Now, who is Fares? He’s a self-proclaimed advocate for increasing Arab clout in Congress. This report relates:

Nijad Fares bluntly laid out his strategy for increasing the clout of Arab-Americans in an opinion piece he authored that appeared in the Detroit News on Dec. 16, 1996.

“Arab-Americans must substantially increase contributions to political candidates,” he wrote. “Even modest contributions help ensure that Members of Congress and their staffs take phone calls and are more responsive to requests. Furthermore, the contributor must make explicit an interest in Middle East-related issues.”

He and his father, Issam (“known to be close to the powerful chief of Syrian intelligence in Lebanon, Ghazi Kenaan”), have been implicated in some funny business with regard to campaign donations:

After the Wall Street Journal reported the inaugural donation last month, the inaugural committee said the donation listed from Issam Fares came from the Link Group, LLC, a company headed by Nijad Fares and that the son had attempted to give credit for the donation to his father.

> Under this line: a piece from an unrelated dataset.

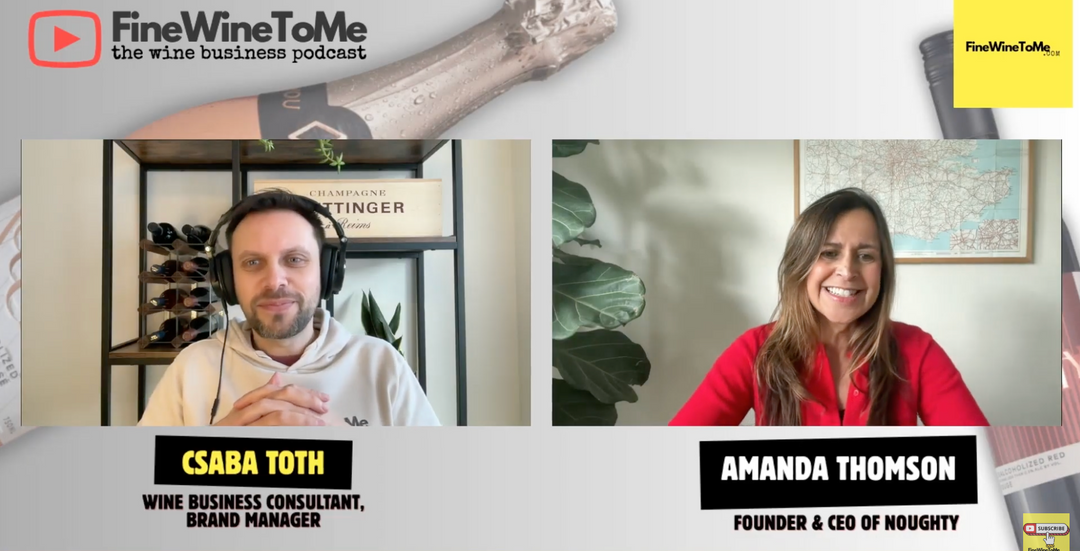 Fine Wine To Me Podcast Talks to Noughty Creator Amanda Thomson About Listening to the Consumer...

Both father and son have a long history of intimate political connections with U.S. politicians and have been major supporters of groups promoting Lebanon’s interests. The family’s main U.S. business holding, a Houston-based firm called the Wedge Group, is a major player in the oil services industry and is headed by William White, the former number two official at the Energy Department during the Clinton administration.

So what sorts of views does Nijad Fares hope will gain traction through fundraising like that done for Ashooh? We have some clues. It seems that Nijad Fares has a track record of giving to congressional candidates, having given handsomely to Rep. Joe Knollenberg and his state legislator son. Knollenberg “put ‘Seeds of Peace’ — a summer camp founded by Yasser Arafat’s fave biographer — on the federal budget.” He also “doled out at least $86 million of our tax money [in USAID funding to southern Lebanon] … allowing Hezbollah to rebuild its strongholds in Southern Lebanon and expand.” That, it seems, is what “increasing Arabs’ clout” is all about. (Fares also gave to Obama and to the only Republican to co-host J Street’s confab, Charles Boustany. Fares is nothing if not consistent in his choice of recipients.)

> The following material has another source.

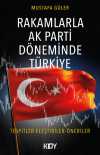 Rakamlarla Ak Parti Döneminde Türkiye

And then there is this: when the fundraising brouhaha surfaced, Issam was quick to blame the Jews. Caught in a media firestorm for paying a large sum to Colin Powell for a speech five days before the 2000 election, he immediately “accused the ‘Zionist lobby’ of spreading ‘distortion and lies.'”

And the family seems to have an unusual take on Hezbollah, as well. Issam offered this:

“It is a mistake to make a comparison between the [Al Qaeda] network … which Lebanon has condemned, and Hezbollah, which Lebanon considers a resistance party fighting the Israeli occupation,” Fares told Agence France-Presse. He claimed the group has never targeted Americans, a position disputed by U.S. officials as well as Fares’s own Wedge Group CEO.

An Ashooh spokesman had this comment when I asked about the Fares fundraising:

What I can tell you is this: People donate to the Ashooh campaign based on Rich’s positions on the issues. As a candidate, he cannot possibly know or share all of the individual positions his donors may or may not have. At this time, Rich is focused on running a very positive campaign based on fiscal responsibility and bringing conservative, New Hampshire values back to Washington.

So are Ashooh’s positions the same as those of the Fares family, and is he someone ready and willing to increase the clout of Arabs? The campaign did not respond to my direct queries on these points or whether he will return the funds. If it does, I will be sure to pass it on.